(1.) .Custody of children often becomes the proverbial bone of contention between spouses when temperamental incompatibility or irreconcilable differences, have irretrievably wrecked, domestic peace and harmony forcing them to part company. The present is in that sense no different from other cases where the couple has gone through considerable stress and trauma before they realised that the marriage had broken down for good and all that they had to crave and fight over was peace for themselves and custody of their only child. A decree of divorce by mutual consent and a document that ostensibly settled the issue regarding the custody of the minor daughter born out of the wedlock did not, unfortunately for the parties, bring either peace to them or give quietus to the proceedings in the court. The present contempt petition filed close on the heels of an earlier one is in that backdrop only an upshot of the proceedings that concluded with an order of this Court passed on 1st November, 2002 in Civil Revision No. 4/2002.
(2.) . The husband's case stated in a nutshell is that he had in terms of an order passed by the Court under the Guardian and Wards Act secured the custody of Himangi, their daughter which direction of the Court was challenged by the respondent wife in Civil Revision Petition No. 4/2002 filed in this court. It was during the pendency of the said revision petition that the parties appear to have negotiated an amicable settlement, the terms whereof were reduced in writing in what is described as a Memorandum of Understanding (MOU). The custody of the minor child was in accordance with the said MOU given to the respondent wife subject to the condition that the husband would have temporary custody once in each calendar year for a period of 30 days during the time the child was free from the school in vacations. The grievance of the husband now is that in accordance with the terms settled between the parties, the husband was entitled to the temporary custody of the child, but the respondent wife has removed the child to Yangon in Myanmar where she is posted as one of the officers in the Embassy of India. The respondent has not despite demands and the terms mutually settled between the parties transferred the custody of the child to the petitioner either at Calcutta or Bangkok to which places the husband was ready to go to take such custody his request for visa to go to Myanmar having been rejected. The husband's further case is that since the Memorandum of Understanding was filed by the parties before the Court and since the parties had agreed to abide by the terms and conditions stipulated therein, the failure of the respondent wife to adhere to the terms settled and stipulated in the said Memorandum amounts to disobedience of the undertaking given to the Court hence punishable in the contempt jurisdiction of this Court.

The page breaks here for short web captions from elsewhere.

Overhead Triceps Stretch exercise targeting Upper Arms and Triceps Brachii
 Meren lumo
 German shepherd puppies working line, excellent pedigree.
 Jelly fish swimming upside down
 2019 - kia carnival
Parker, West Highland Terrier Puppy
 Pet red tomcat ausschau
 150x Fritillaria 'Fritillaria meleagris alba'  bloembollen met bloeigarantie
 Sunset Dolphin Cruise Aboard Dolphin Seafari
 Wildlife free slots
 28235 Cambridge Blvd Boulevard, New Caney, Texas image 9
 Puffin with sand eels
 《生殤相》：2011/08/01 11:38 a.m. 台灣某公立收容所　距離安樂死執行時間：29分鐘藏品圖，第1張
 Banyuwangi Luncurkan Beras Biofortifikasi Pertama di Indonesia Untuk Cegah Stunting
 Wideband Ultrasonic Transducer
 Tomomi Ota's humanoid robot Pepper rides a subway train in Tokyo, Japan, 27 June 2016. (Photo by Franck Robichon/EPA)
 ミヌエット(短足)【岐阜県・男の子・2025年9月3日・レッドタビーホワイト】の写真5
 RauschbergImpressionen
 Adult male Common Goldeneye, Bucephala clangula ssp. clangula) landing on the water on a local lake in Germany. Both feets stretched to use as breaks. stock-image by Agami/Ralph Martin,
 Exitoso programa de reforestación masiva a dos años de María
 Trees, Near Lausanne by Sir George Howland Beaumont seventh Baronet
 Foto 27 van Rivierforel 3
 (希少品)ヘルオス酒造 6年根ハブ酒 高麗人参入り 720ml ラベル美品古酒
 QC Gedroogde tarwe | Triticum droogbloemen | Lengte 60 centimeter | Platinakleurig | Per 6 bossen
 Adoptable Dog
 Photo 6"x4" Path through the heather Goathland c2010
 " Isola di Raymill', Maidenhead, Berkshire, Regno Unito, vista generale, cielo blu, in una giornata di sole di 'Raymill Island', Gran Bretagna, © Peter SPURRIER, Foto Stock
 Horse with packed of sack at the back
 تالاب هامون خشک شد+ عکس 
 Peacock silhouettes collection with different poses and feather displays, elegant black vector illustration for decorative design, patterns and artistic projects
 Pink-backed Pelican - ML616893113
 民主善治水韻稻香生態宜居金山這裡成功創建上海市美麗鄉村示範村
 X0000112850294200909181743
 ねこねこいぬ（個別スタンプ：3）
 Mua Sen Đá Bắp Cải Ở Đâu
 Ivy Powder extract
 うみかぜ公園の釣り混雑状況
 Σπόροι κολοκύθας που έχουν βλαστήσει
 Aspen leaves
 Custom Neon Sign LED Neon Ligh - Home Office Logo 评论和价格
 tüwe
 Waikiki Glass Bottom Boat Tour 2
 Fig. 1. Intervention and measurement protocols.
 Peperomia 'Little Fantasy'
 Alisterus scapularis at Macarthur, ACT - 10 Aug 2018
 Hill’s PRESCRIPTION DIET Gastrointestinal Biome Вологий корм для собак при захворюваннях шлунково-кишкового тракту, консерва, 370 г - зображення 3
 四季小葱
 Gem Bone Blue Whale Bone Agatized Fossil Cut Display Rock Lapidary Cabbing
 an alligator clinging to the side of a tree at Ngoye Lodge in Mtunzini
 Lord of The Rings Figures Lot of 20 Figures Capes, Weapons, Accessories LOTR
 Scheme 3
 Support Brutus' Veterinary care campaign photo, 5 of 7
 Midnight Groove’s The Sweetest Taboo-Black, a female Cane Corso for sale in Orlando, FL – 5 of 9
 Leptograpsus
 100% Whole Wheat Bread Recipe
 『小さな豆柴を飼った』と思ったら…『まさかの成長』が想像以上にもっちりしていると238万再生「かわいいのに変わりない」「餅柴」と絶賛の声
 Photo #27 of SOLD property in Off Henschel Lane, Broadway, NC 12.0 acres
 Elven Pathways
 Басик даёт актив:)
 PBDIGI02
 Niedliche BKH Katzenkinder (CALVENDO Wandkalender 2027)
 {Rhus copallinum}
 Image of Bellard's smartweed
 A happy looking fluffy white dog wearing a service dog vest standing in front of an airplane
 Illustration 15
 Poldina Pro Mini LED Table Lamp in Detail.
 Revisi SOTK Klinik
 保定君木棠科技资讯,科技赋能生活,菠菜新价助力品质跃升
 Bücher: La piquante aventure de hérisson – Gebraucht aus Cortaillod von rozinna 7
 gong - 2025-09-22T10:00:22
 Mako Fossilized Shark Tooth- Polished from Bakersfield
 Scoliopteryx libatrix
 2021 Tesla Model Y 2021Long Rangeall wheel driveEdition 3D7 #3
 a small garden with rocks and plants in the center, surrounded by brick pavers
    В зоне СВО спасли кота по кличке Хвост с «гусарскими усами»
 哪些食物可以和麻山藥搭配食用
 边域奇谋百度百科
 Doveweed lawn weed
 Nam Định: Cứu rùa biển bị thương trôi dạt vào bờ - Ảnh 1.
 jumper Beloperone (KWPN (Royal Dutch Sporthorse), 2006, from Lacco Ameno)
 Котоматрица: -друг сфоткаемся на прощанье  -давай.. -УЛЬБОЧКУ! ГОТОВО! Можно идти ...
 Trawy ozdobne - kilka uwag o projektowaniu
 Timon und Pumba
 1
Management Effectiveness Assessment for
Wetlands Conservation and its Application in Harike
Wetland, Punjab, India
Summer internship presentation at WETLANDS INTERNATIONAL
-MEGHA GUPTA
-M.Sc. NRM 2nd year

(3.) The respondent wife has filed detailed objections in which it is inter alia stated that the respondent has not committed any disobedience of the order issued by this Court and that the Memorandum of Understanding even when presented to the Court in Civil Revision Petition No. 4/2002, the Court had not passed any order in the said revision petition in terms of the said Memorandum. On the contrary, the Court had dismissed the revision petition filed by the respondent as withdrawn. It is also pointed out that the Memorandum of Understanding executed between the parties itself envisaged that in the event of any violation of any stipulation contained in the said Memorandum, the party aggrieved of any such violation would be entitled to approach the Court of competent jurisdiction for appropriate relief. The petitioner's remedy in the light of the said stipulation lay in initiation of appropriate proceedings before a competent court under the Guardian and Wards Act and not by way of proceedings in the contempt jurisdiction of this Court especially when the respondent has not committed any such contempt.